I was careful not to mention a word of this to my students upon re-entering my classroom. After all, I had a class to teach, and the mention of getting out of school early would have taken their focus away from the material. No, I'd let them celebrate between class periods, giving them enough time to settle back down while they were traveling to their next class, which would be the last of the day. I had no doubt that every student at my school (along with many adults) would be in a celebratory mood. Even though school was dismissing just two hours early -- school is in session from 7:30 to 2:30 -- It was the makings of a classic "snow day."
I loved snow days when I was a kid. When a big snow was forecast, I remember getting up with my mom and listening to KMOX early in the mornings. And on those mornings when I heard "St. Catherine Laboure is closed today," I jumped for joy, and made plans to get together with my neighborhood friends. These usually included walking to Lindbergh High School and sledding down the giant "L" by their track. Mom would make hot chocolate, and we'd watch cartoons when we were done playing in the snow.
Snow days in high school were a little less fun. I remember being happy to be out of school, but I really couldn't go anywhere (my parents wouldn't let me drive in bad weather) and sledding down the giant "L" had lost its luster. Snow days as an adult are a mixed bag. On one hand, it annoys me to drive in bad weather, lose instructional time in the classroom, and shovel my driveway.
Yet on the other hand, I enjoy the extra time. Today, after making the long trek down Highway 270 from Creve Coeur (where I teach) to Oakville this afternoon, I had to smile when I arrived at home. There to greet me was my wife, my 8-month-old daughter, and two dogs happy to see me get home so early. The day was already getting better.
It was supposed to be a busy day for me after school - I teach a class for Maryville University on Monday afternoons. Plus, I had a district committee meeting to attend later that evening. I told my wife I probably wouldn't be home until 9:30, and to plan to eat dinner without me. I wouldn't have been able to see my daughter either, since she would be in bed long before I got home.
Yet, that all changed now. Maryville had also canceled classes, and my evening meeting was a victim of the snowfall as well. Now, I found myself at home with my wife, daughter and dogs, enjoying life on what turned into a lazy winter afternoon. It reminded me of my favorite line in Ferris Bueller's Day Off: "Life moves a little fast, if you don't slow down and look around once in a while, you could miss it."

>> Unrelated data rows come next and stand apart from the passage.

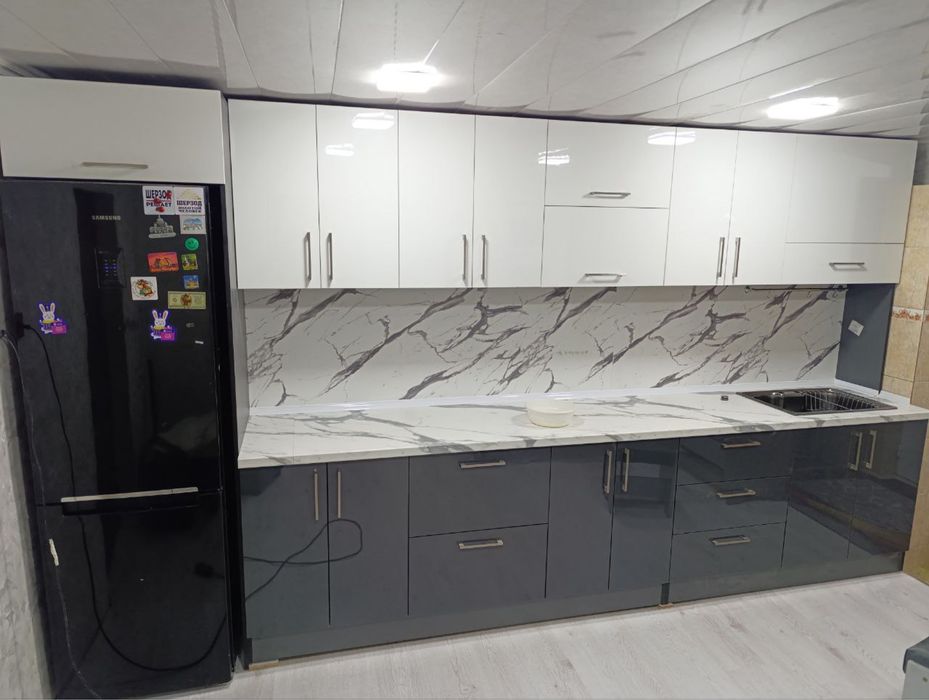 Buxoro oshxona mebellari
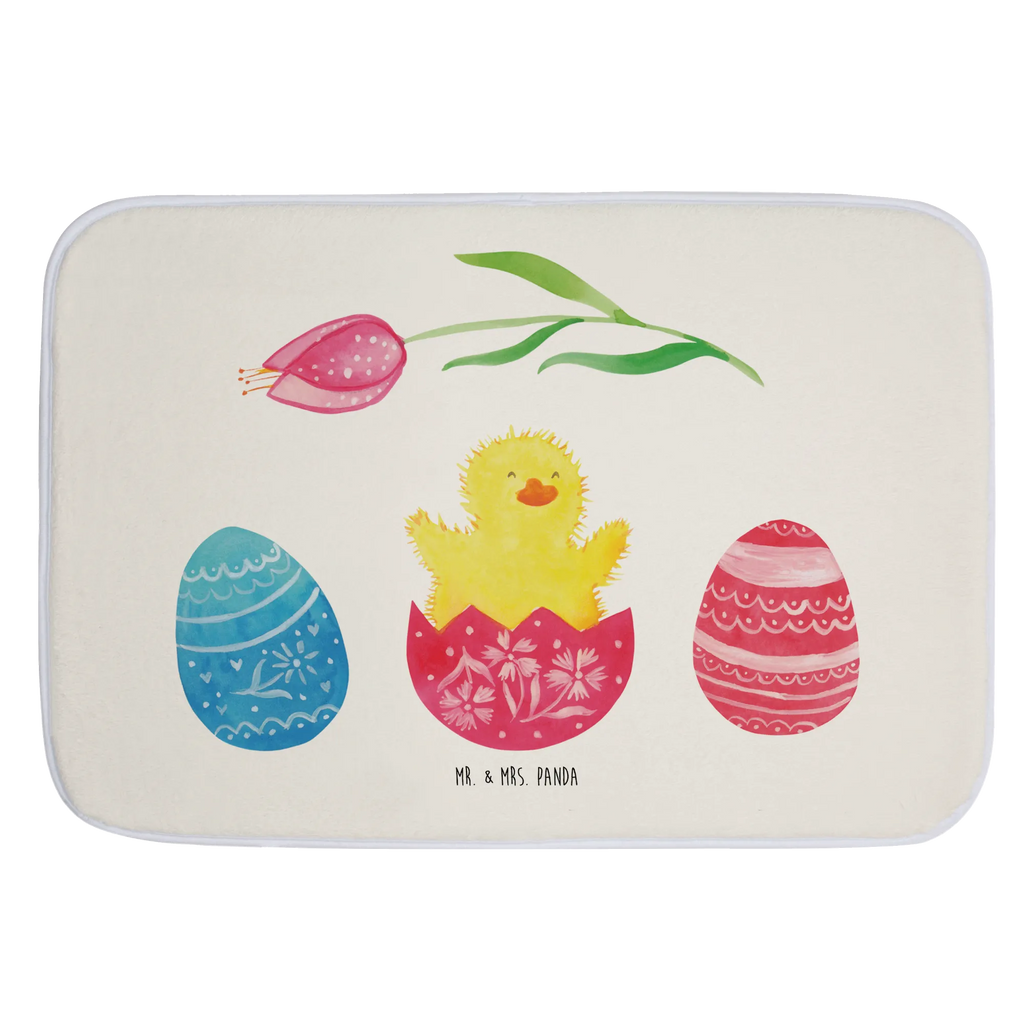 dywanik łazienkowy pisklę wykluwanie Duschvorleger, badezimmerteppiche, Badteppich, Badvorleger, Badläufer, wannenvorleger, duschmatten, badezimmervorleger, bad läufer, teppich für bad, Badezimmerteppich, badezimmermatte, rutschfeste matte, Bad Fußmatte, fußmatte bad, Badematte, badezimmer läufer, Teppich Fürs Bad, badmatten, duschmatte, badezimmermatten, Badezimmer Matte, Ostern, Osterdeko, Osterhase, Osternest, Ostergeschenke, Geschenke zu Ostern, Ostern Geschenk, Ostergeschenke Kinder, Ostern Kinder, Frohe Ostern, Küken, Ei, Grüße, Frühlingsgefühle, Liebe Grüße, Ostergrüße, Ostereier, Osterei, Freude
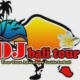 djbalitour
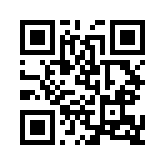 QR-Code https://ppt.cc/7Fzq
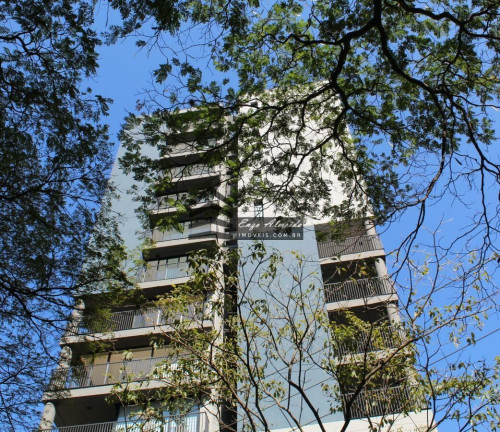 Imagem Apartamento com 1 Quarto à Venda, 101 m² em Vila Madalena - São Paulo Imagem Apartamento com 1 Quarto à Venda, 101 m² em Vila Madalena - São Paulo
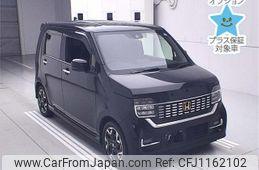 honda n-wgn 2020 -HONDA--N WGN JH3-2008495---HONDA--N WGN JH3-2008495-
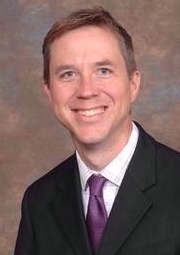 Photo of  Joseph J. Kiesler, MD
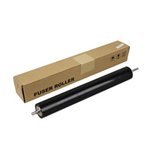 Preisvergleich Produktbild Lower Sleeved Roller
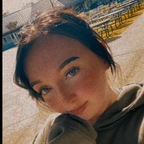 Leaked bri_1320 onlyfans leaked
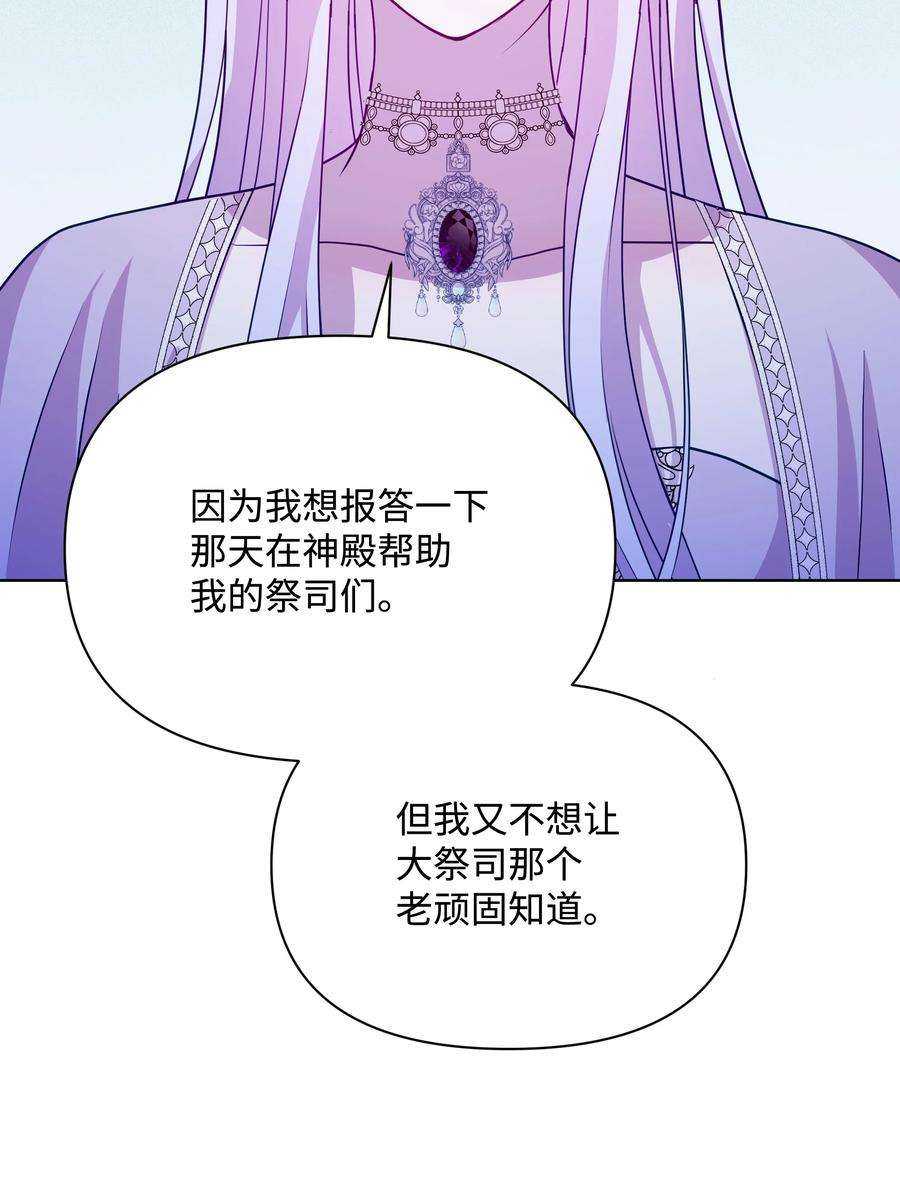 60.jpg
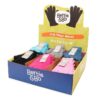 48 x Kids Magic Gloves in Display 0% Vat - Image 3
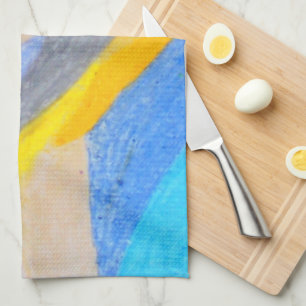 Linge De Cuisine Tablier de cuisine Planet Life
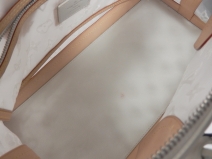 ルイヴィトン　ロックイット　イーストウエスト　 (USED)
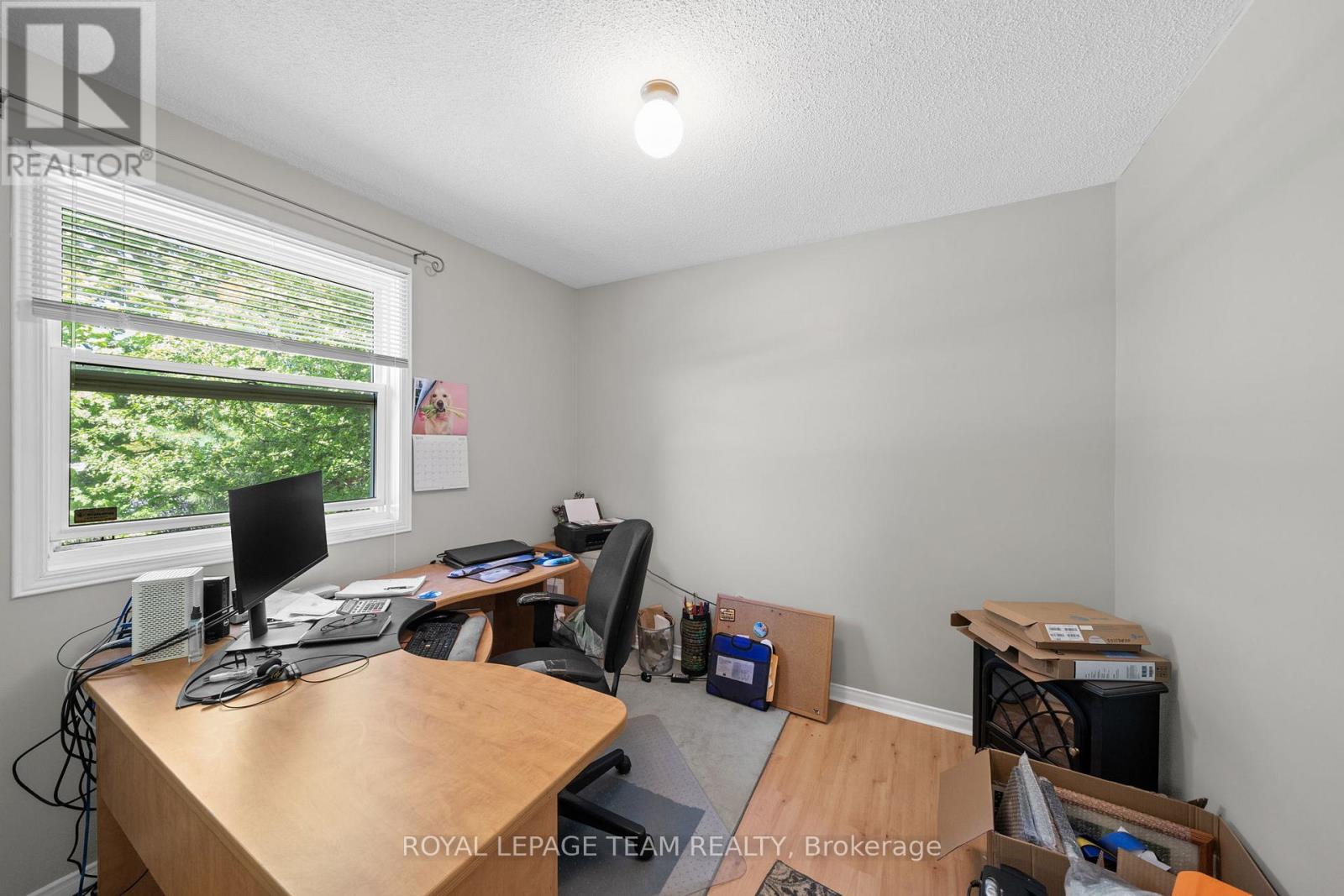 3383 ELIZABETH STREET - 23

It's amazing what getting out of school two hours early does to the course of a day. Not only did it give me the extra time to write my first blog post, it gave me some valuable family time. All of a sudden, snow days are now becoming relevant to me again. Today was my daughter's first big snowstorm and I got to spend the rest of the day with the people that mattered most to me. And that is a gift... a gift that only a snow day can provide.